The federal Department of Transportation (DOT) announced their decision on March 16, and Mokulele representatives met with Kalaupapa residents the following week to discuss their needs.

“I would say there’s a guarded optimism that Mokulele will serve the community and meet our needs, but there’re still concerns,” said Department of Health Kalaupapa Adminstrator Kenneth Seamon. “[Residents] have been very pleased with the service Makani Kai has provided and to some extent open to what Mokulele has to offer.”

Makani Kai has been serving Kalaupapa under the EAS since 2011, with a subsidy ranging from $690,000 to $751,000 per year. Makani Kai applied to continue providing that service — with outspoken support from Kalaupapa residents — but Mokulele’s proposal to fly subsidy-free won the DOT’s blessing. While community feedback is taken into consideration when making the decision on an EAS carrier, the DOT typically selects the subsidy-free option when it’s proposed, according to the department’s March 16 decision.

“…The Kalaupapa community has unique needs, and the Department encourages Mokulele to work closely with the residents of Kalaupapa and the users of the service,” the decision stated. “The Department encourages the community to remain in contact with the Department should any material changes arise in Mokulele’s service.”

Seamon said since the DOT decision, Mokulele has been working to address community needs.

“They are expressing a commitment to community and patients to try to meet all of our flight needs at a reasonable cost, even addressing things like animal transportation and luggage,” he said. “In our current contract, Makani Kai has committed to free transportation for luggage, but Mokulele has committed to try to get at least a couple bags.”

Yet with flight pricing still in the air, Kalaupapa residents’ concerns remain.

“By refusing the subsidy, an air carrier is free to manage price regulation according to its business needs,” stated a petition signed by nearly 100 Kalaupapa residents and staff of both the National Park Service and the Department of Health that was submitted to the DOT during the selection process. “Without any control, Mokulele Airlines may charge any price they feel necessary. This would allow Mokulele Airlines to charge the residents of Kalaupapa an exorbitant amount for flights in and out of Kalaupapa.”

Mokulele President Rob McKinney has said his airline will keep prices affordable.

“We know there’s apprehension whenever there’s change like this, but we are committed to making sure we take good care of that community,” McKinney told The Maui News last week. He added, “what we have committed to is the remaining patients will never pay more than $39 one way for the rest of their lives so long as Mokulele serves there.”

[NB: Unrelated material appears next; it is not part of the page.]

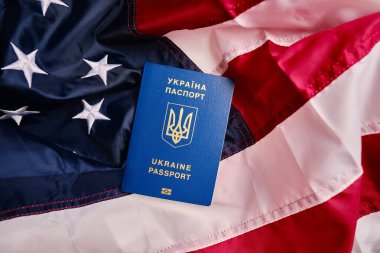 Biyometrik Ukrayna pasaportu kapatılıyor. Ukrayna pasaportu. Ulusal kimlik. Belge Ukrayna dışına çıkmak için kullanıldı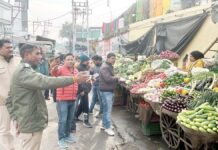 कैमरे चालू, ट्रक मुस्तैद और तमाशा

At the community meeting, Mokulele representatives told National Park Service and DOH employees that their rates would remain under $95 one way between Kalaupapa and Honolulu.

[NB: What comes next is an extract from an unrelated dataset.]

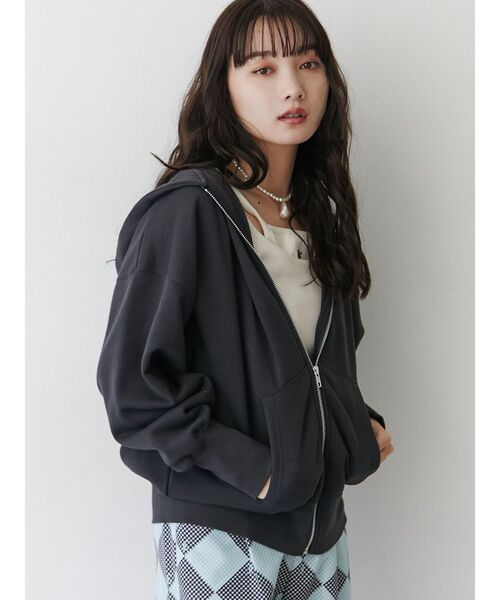 jouetie（ジュエティ）の「バタフライプリントフーディー（パーカー・レディース・ブラック/ブルー/アイボリー・MEDIUM）」の11枚目の写真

In their initial EAS application, Mokulele’s proposed flight schedule and routes caused concern, but Seamon said Mokulele has said that was just a “placeholder” until they find out more about residents’ needs and develop a final schedule.

“They are in contact with us pretty often now by email to try to figure out concerns and answer questions,” Seamon said of Mokuele.

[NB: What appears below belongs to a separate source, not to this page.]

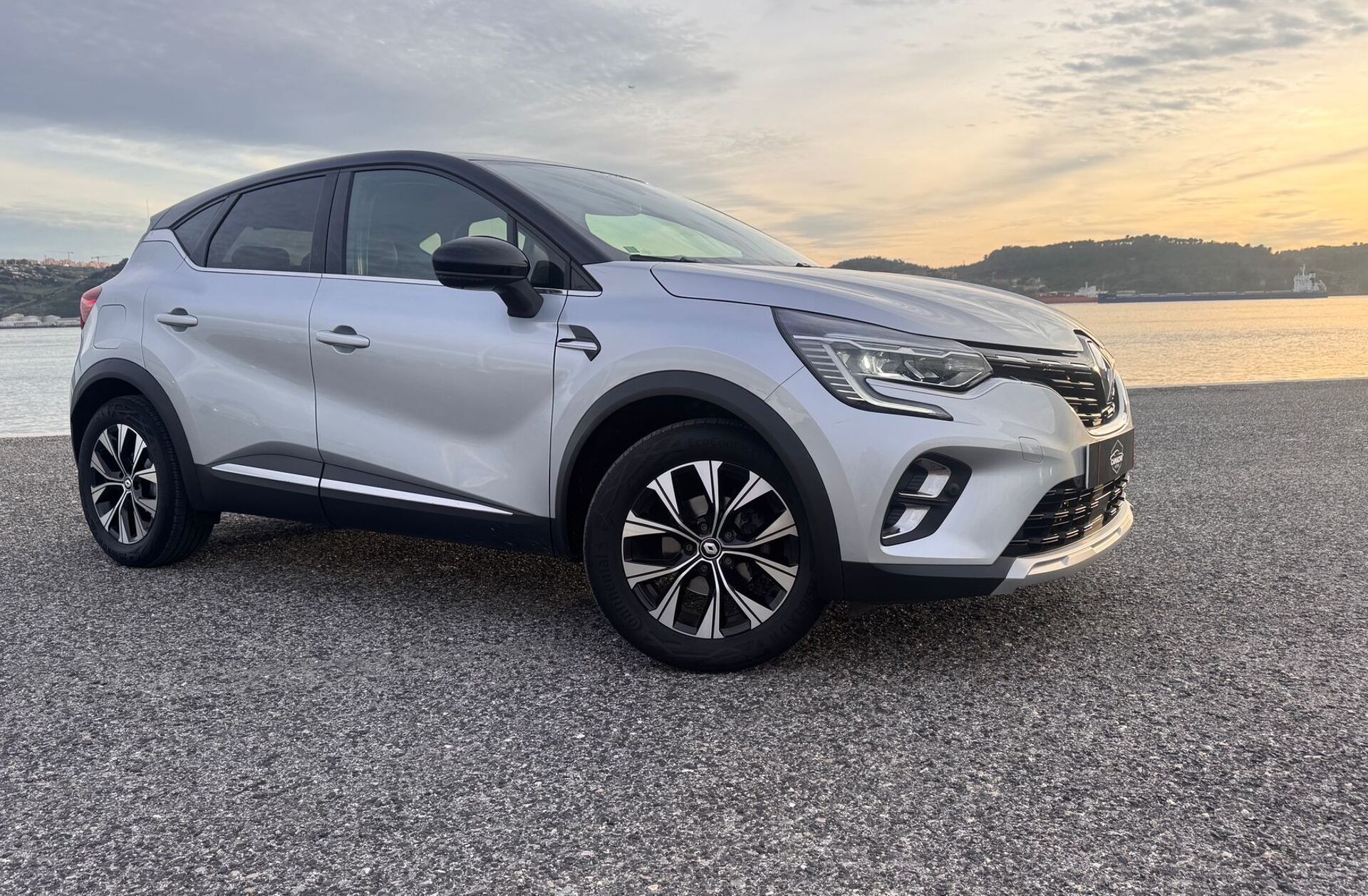RENAULT Captur 1.0 TCe Equilibre Bi-Fuel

He added that Senator Mazie Hirono has been very involved in the EAS process, advocating for the community. She has vowed to keep a watchful eye on Kalaupapa’s air service moving forward.

“Congress created the Essential Air Service Program to serve communities like Kalaupapa,” she said in a statement. “The U.S. Department of Transportation must uphold its commitments to the Kalaupapa community, and I will hold USDOT accountable to make sure air service to Kalaupapa meets the needs of the community.”

Makani Kai is still free to fly into Kalaupapa, and company spokesperson P.J. O’Reilley said they are waiting to see what Mokulele’s schedule and rates will be before making a decision.

Seamon emphasized “the community’s appreciation for what Richard [Schuman, Makani Kai president] and Makani Kai has done for the community.”

“I think there are some people that would prefer to continue to fly with Makani Kai because of their commitment,” he added.